On peut arpenter la montagne pour atteindre le pavillon qui trône au sommet. Nous nous sommes contentés du premier sanctuaire, magnifique avec sa source et ses immenses arbres. Ce doit être une merveille à l’automne, entourés par tous ces érables! Le lieu est rempli d’histoires, comme ces yamabushi dans les monts (moines ermites, mais aussi souvent les formateurs des ninjas), la pratique du yabusamé dans le coin (tir à l’arc à cheval), le pouvoir en-musubi (de créer des liens) du sanctuaire… Bref, je ne regrette pas d’avoir fait le chemin à pied, même si on a découvert au retour qu’il y avait un autobus qui s’y rendait (on est quand même revenus en marchant)!

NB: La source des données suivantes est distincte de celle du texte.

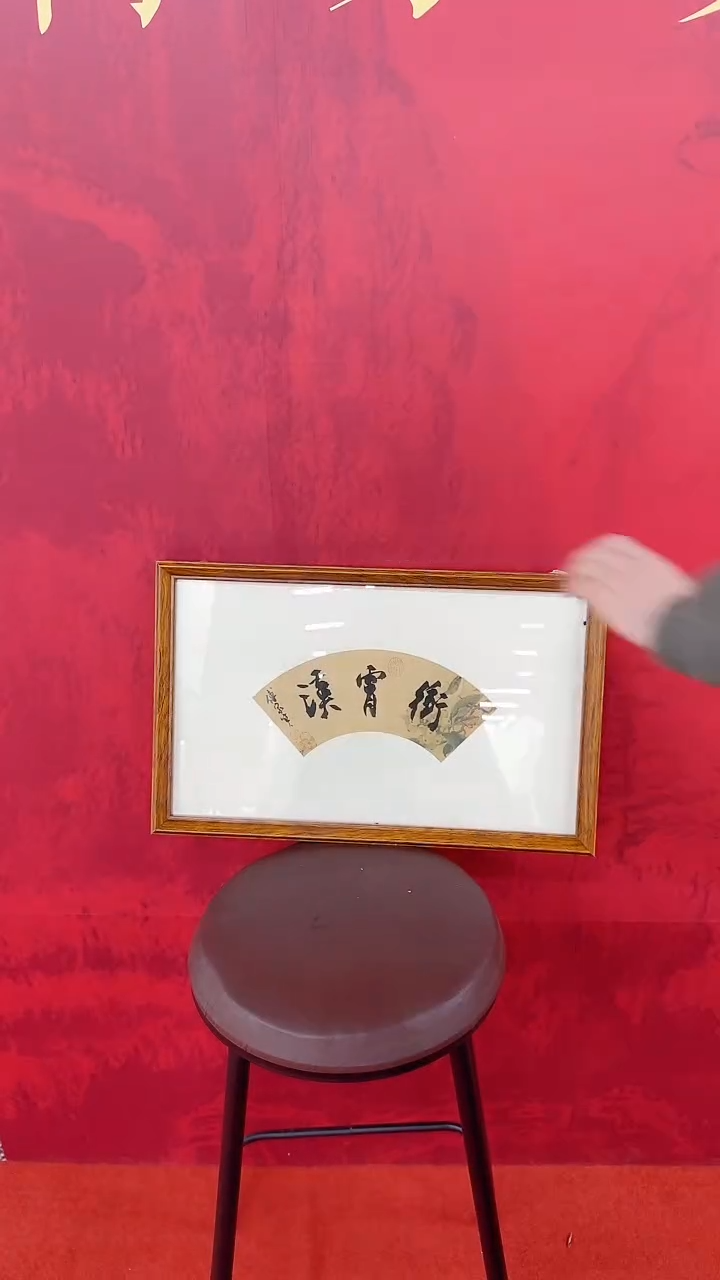 书法傅老师书法作品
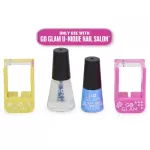 Cool Maker Go Glam Unique Refill ของเล่นทำเล็บรีฟิว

この旅は幣も取り合へず 手向山 紅葉の錦 神のまにまに
Cette fois-ci, je suis venu les mains vides dans la montagne des offrandes
Ce tapis de feuilles colorées et ce tissu de branches reviennent aux dieux.

poème tiré du recueil Ogura Hyakunin Isshu, par Suguwara no Michizane

Mais où est la petite vache?
 
Pour le trajet de retour, on a repris l’autobus interurbain vers Fukuoka. Puis on a marché vers l’hôtel, s’arrêtant dans deux magasins pour explorer : le Tokyû Hands pour un parapluie, le BookOff pour des cartes usagées de DragonBall. Je donne beaucoup de détails, hein?
 
C’est que, le lendemain matin, en faisant les bagages, Léo réalise qu’il n’a plus sa petite vache toutou. Et il ne se souvient plus où il l’a laissée… On quitte donc l’hôtel plus tôt, Léo est plus silencieux que d’habitude, tout inquiet qu’on ne la retrouve jamais. On visite d’abord la gare d’autocar. Comme le kiosque d’informations n’est pas ouvert avant 10h, je téléphone au central dont le numéro est indiqué, mais on n’a pas de petite vache. Le monsieur arrive à 10h, il me dit d’aller au 3e étage. Pas de vache.
 
On passe au premier magasin, le Tokyû Hands. On nous indique que si c’était la veille, il faut aller au 3e. Mais il n’y a pas de vache retrouvée.
 
En désespoir de cause, on passe au BookOff. Et miracle! Ils sortent le toutou du bac à objets perdus, tout bien enveloppé dans un petit plastique transparent! La joie! La petite vache toutou pourra maintenant aller visiter le sanctuaire Tenman-gu de Kyoto!
 
Après 2h45 trajet en shinkansen, puis 20 minutes de métro, on est enfin rentrés. C’est là qu’on réalise que des habitudes se sont installées, puisqu’on s’est senti revenir chez nous quand on a ouvert la porte de l’appartement. Bonheur, soulagement et gros lavage à faire!